Home
| Databases
| WorldLII
| Search
| Feedback
Supreme Court of Palau |
IN THE
SUPREME COURT OF THE REPUBLIC OF PALAU
APPELLATE DIVISION
BESURE KANAI and VICTORIA N. KANAI,
Appellants,
v.
JACKSON M. HENRY,
Appellee.
Cite as: 2022 Palau 28
Civil Appeal No. 21-027
Appeal from Civil Action No. 09-072
Decided: December 29, 2022
Counsel for Appellant ............................................. Siegfried B. Nakamura
Counsel for Appellee ...................................... Allison Nixon
BEFORE: ALEXANDRO C. CASTRO, Associate Justice
DANIEL R. FOLEY, Associate Justice KEVIN BENNARDO, Associate Justice
Appeal from the Trial Division, the Honorable Kathleen M. Salii, Presiding Justice, presiding.
Amended Opinion[∗]
BENNARDO, Associate Justice:
[ 1] In its Judgment, the Trial Division found Third-Party Defendants Besure Kanai and Victoria N. Kanai liable to Plaintiff Mutou Shizushi for $1,000,000 plus interest, costs, and fees previously awarded under a Judgment from October 21, 2013. This liability stemmed from a promissory note given to Shizushi and signed by Jackson M. Henry. The focus of the dispute was whether Henry had executed the promissory note as an agent of Kanai.
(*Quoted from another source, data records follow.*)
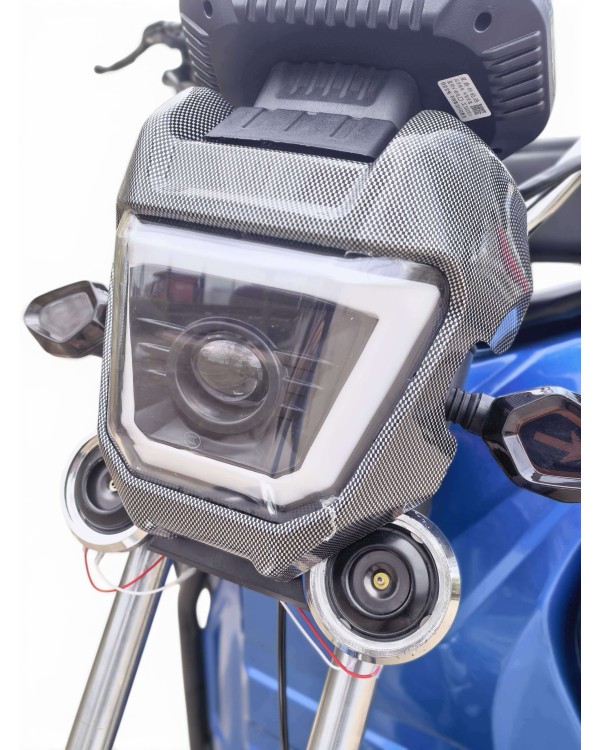 Elektrinis krovininis triratis motoroleris SL-11 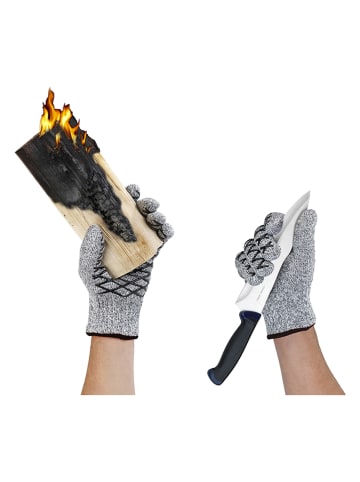 Wenko Schutz Handschuhe in Grau - (B)16 x (H)26 cm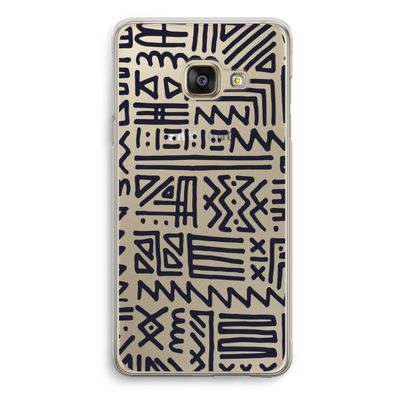 Marrakech print: Samsung Galaxy A3 (2016) Transparant Hoesje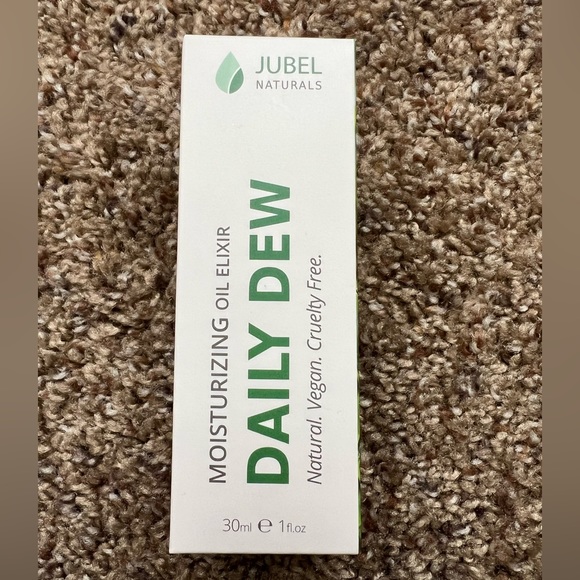 Face oil Jubel Naturals oil elixir NIB - Picture 1 of 4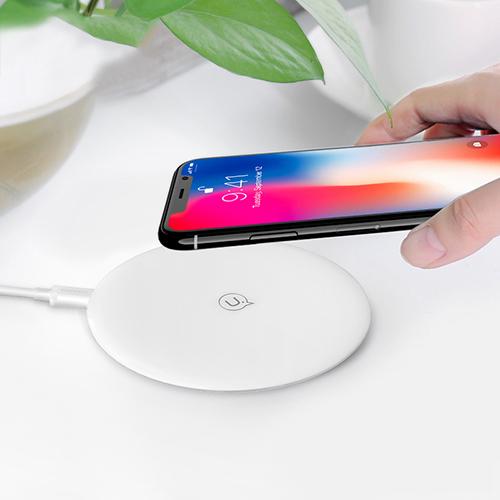 USAMS Metal Original Qi Wireless Charger Pad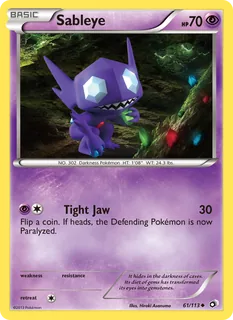 Sableye 061/113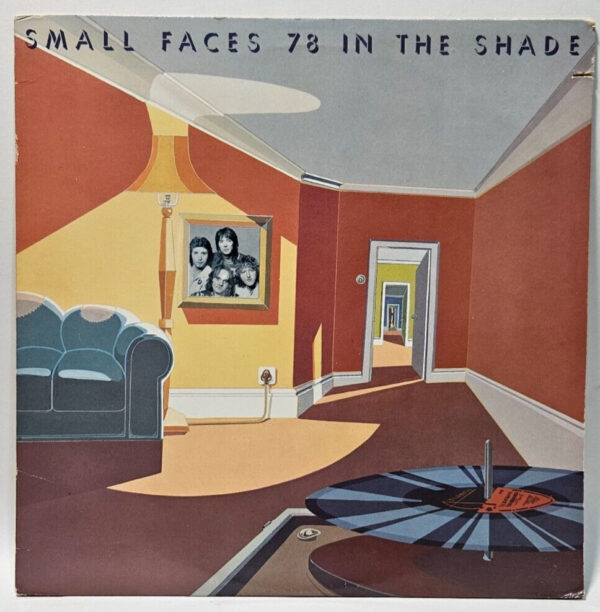 Small Faces - 78 In The Shade - Atlantic SD 19171 - 1978 - EX - Ultrasonic Clean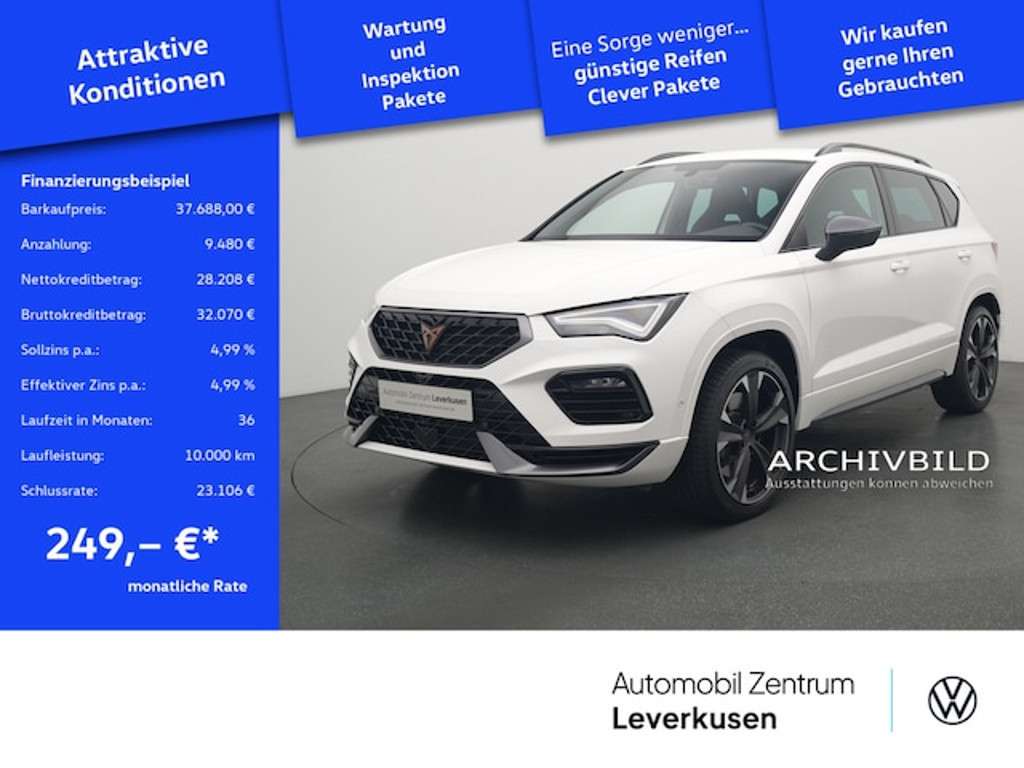 Cupra Ateca 2024 Benzine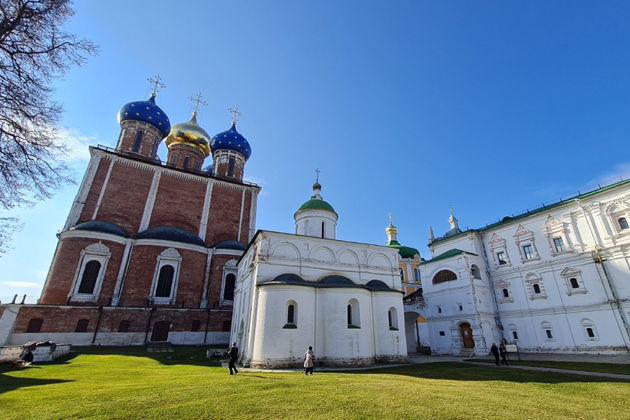 Фото экскурсии - Прогулка по Рязанскому кремлю и усадьбе Павлова с дегустацией калинника и грибного чая - 6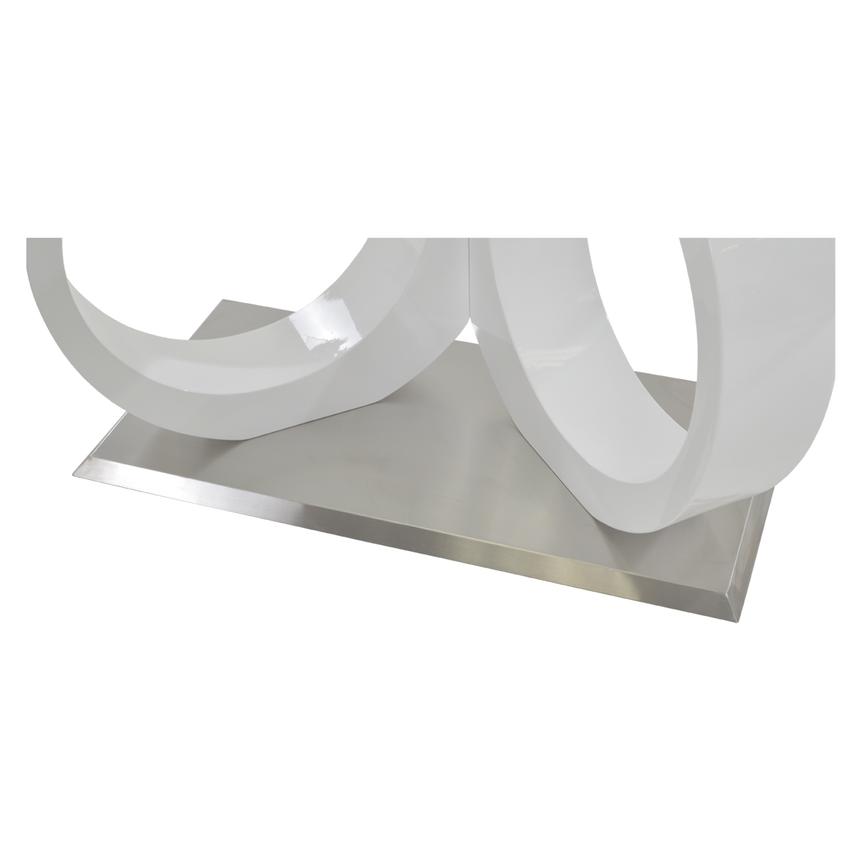 Stop 36/38 White 5-Piece Dining Set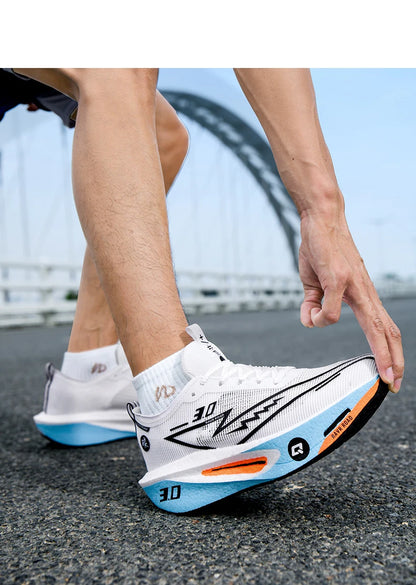 2025 Men's Sports Shoes Carbon Plate 3.0 Racing Marathon Stable Rebound Wear-Resistant Male Running Shoes Training Jog Sneakers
[ 2] The Trial Division also found Kanai liable for breach of contract to Henry for $50,643 (plus pre-judgment interest) for unpaid commissions owed under a Land Brokerage & Commission Agreement. The Trial Division further ordered Kanai to pay $10,000 in punitive damages to Henry plus attorney fees and expenses.
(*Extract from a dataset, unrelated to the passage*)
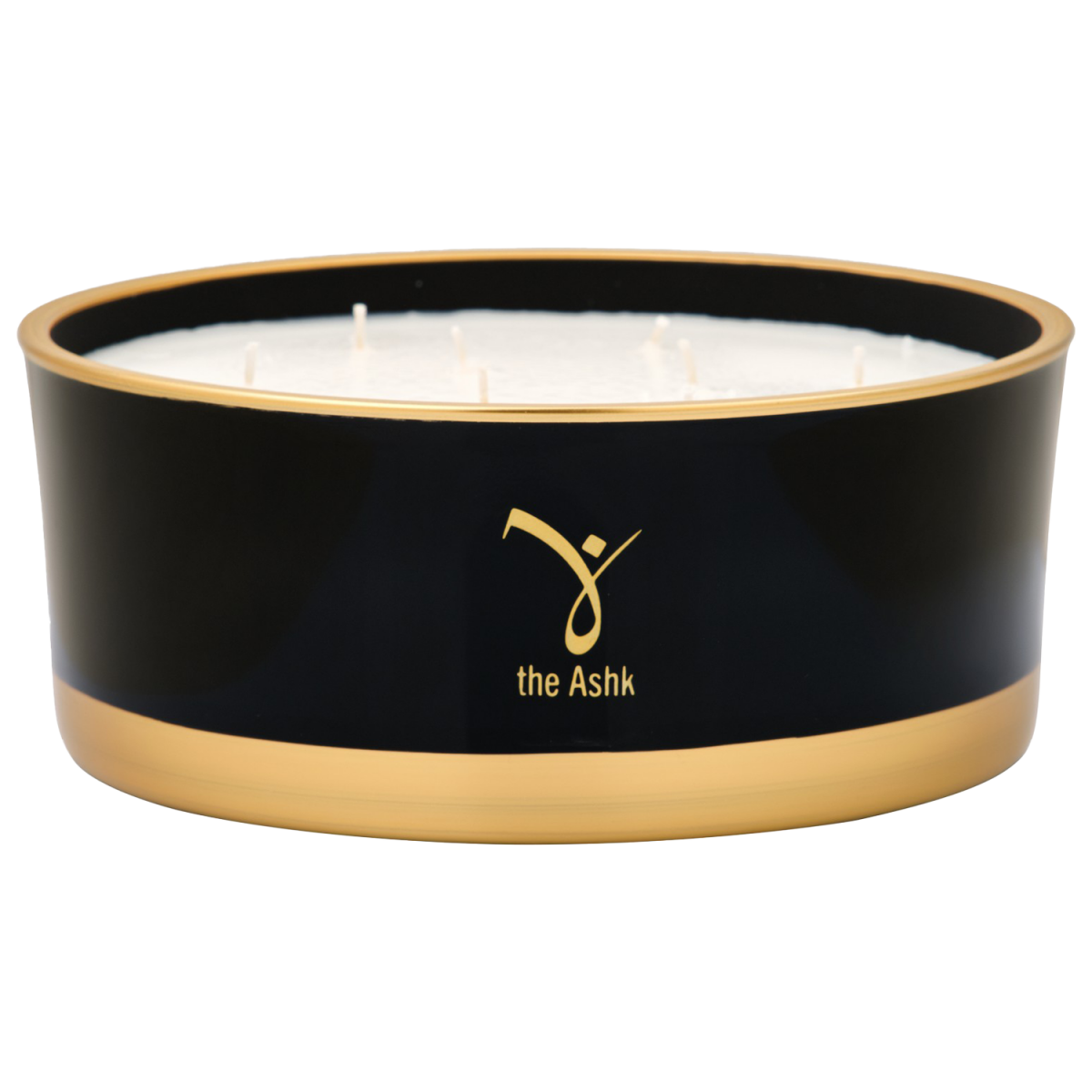 Lux Black Candle 19cm 1000gr - 1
[ 3] On appeal, Appellants raise eight separate grounds for appeal from that judgment. Most claim defects in the Trial Division’s judgment regarding the $1 million promissory note. We have carefully considered each in turn, reviewing legal determinations de novo and factual determinations for clear error. E.g., Koror State Pub. Lands Auth. v. Rengiil, 2022 Palau 11 8. We AFFIRM the Trial Division’s Judgment and Decision with regard to seven of the eight appealed questions, and we REVERSE the Trial Division’s Judgment and Decision with regard to the appealed question relating to the Land Brokerage & Commission Agreement.
[ 4] In rendering its judgment, the Trial Division found Besure Kanai’s testimony lacking in credibility. Trial Division’s Decision and Orders, Civ. Act. No. 09-072, at 29 (Oct. 26, 2021). Thus, where conflicts arose, the Trial Division credited Henry’s testimony rather than Kanai’s testimony. Due to the many points of conflict, the Trial Division observed that “[t]his case turns in large part on the Court’s determination of which witness is credible in order to determine what was agreed to by the parties, what was said, what agreements were made orally and what was memorialized in writing.” Id. at 28.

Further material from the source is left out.